Can I specify a random intercept for trial in mixed logistic regression with binomial distribution?

Question

I have disaggregated/long-format data representing a binary outcome (success/failure). Cases are described by a single covariate called "covariate1". In each case, there are multiple participants, so each row represents an individual's response in that particular case (a trial). I'm interested in the effect that case characteristics have on the probability of observing successes.

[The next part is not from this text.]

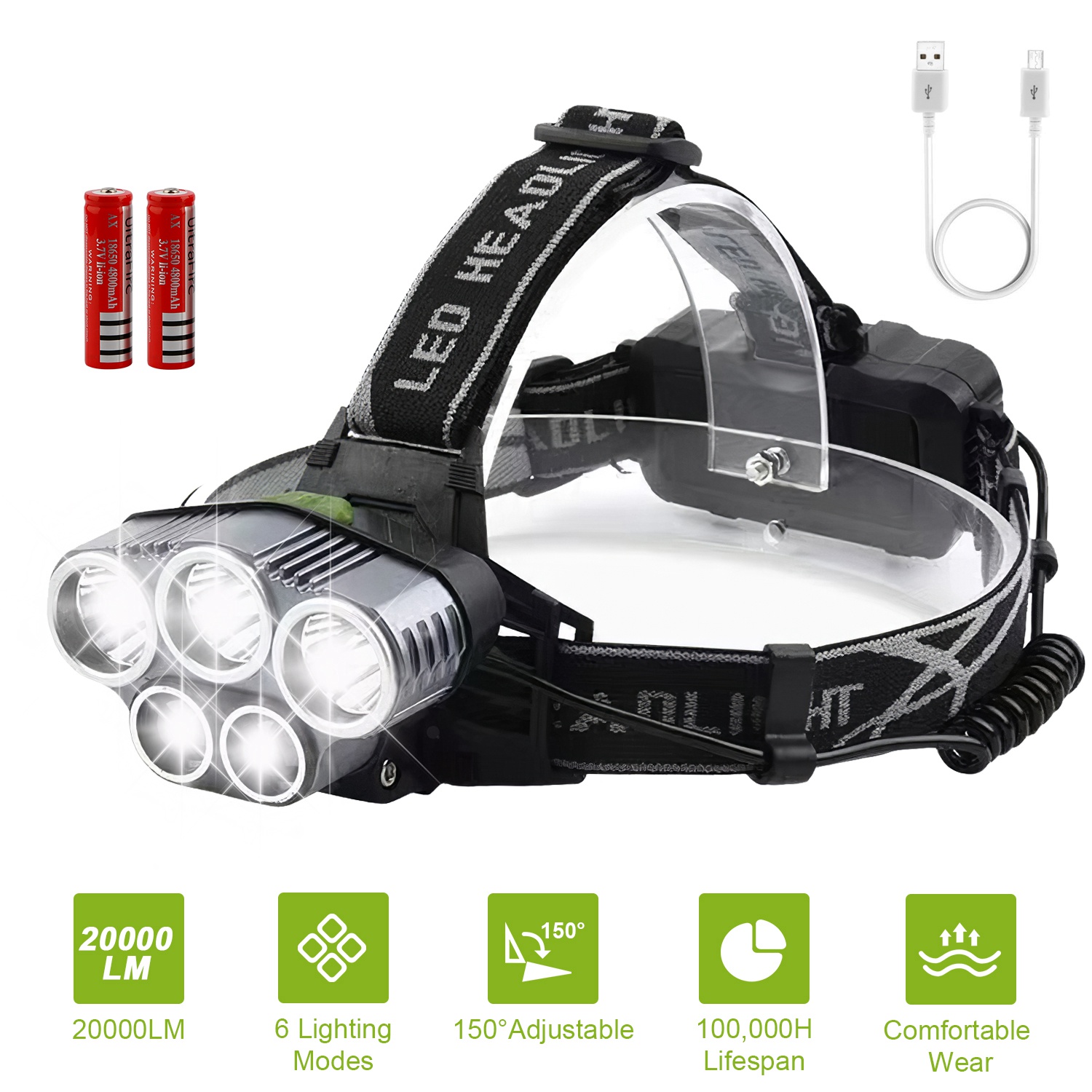 Linterna de cabeza recargable 20000 lúmenes LED con 6 modos para camping, ciclismo, senderismo, caza y emergencias — imagen 1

I want to model this as mixed logistic regression with a binomial response because participants can appear in more than one case, so trials across cases can be clustered by their ID. The code for my models is shown below:

#If data were aggregated, information about the dependency across trials would be lost:
library(lme4)
glmer(cbind(resp,trials) ~ cov1
        family=binomial, agg.data)

#Disaggregated data
glmer(resp ~ cov1 + (1|ID),
        family=binomial, disagg.data)

Is it correct to specify a random intercept for participant ID across trials? What would be the interpretation of the random intercept estimates?

Answer 1

Your specification of the model is correct as described: your model attempts to predict the binary response of the trials using a single fixed effect (the lone covariate in your syntax) and random intercepts for subjects.

The random intercepts in this case essentially tell you how much on average each subject deviates from the mean logit of the response. So if you have one subject who has a random intercept of -2, this means that on average this person has far less successes than the others on trials. As an example, if the response was a reading test, this would suggest that this particular subject is a poorer reader than the others.

The random intercept variance from the model also tells you just how much subjects fluctuate. If the variance is low, then the clusters don't really tell us much more about the model. But if the variance is high, then a substantial part of our normal error can be attributed to by-subject differences, and adjusts our fixed effects to be more accurate (versus what would be biased coefficients if this random effect variance was unmodeled).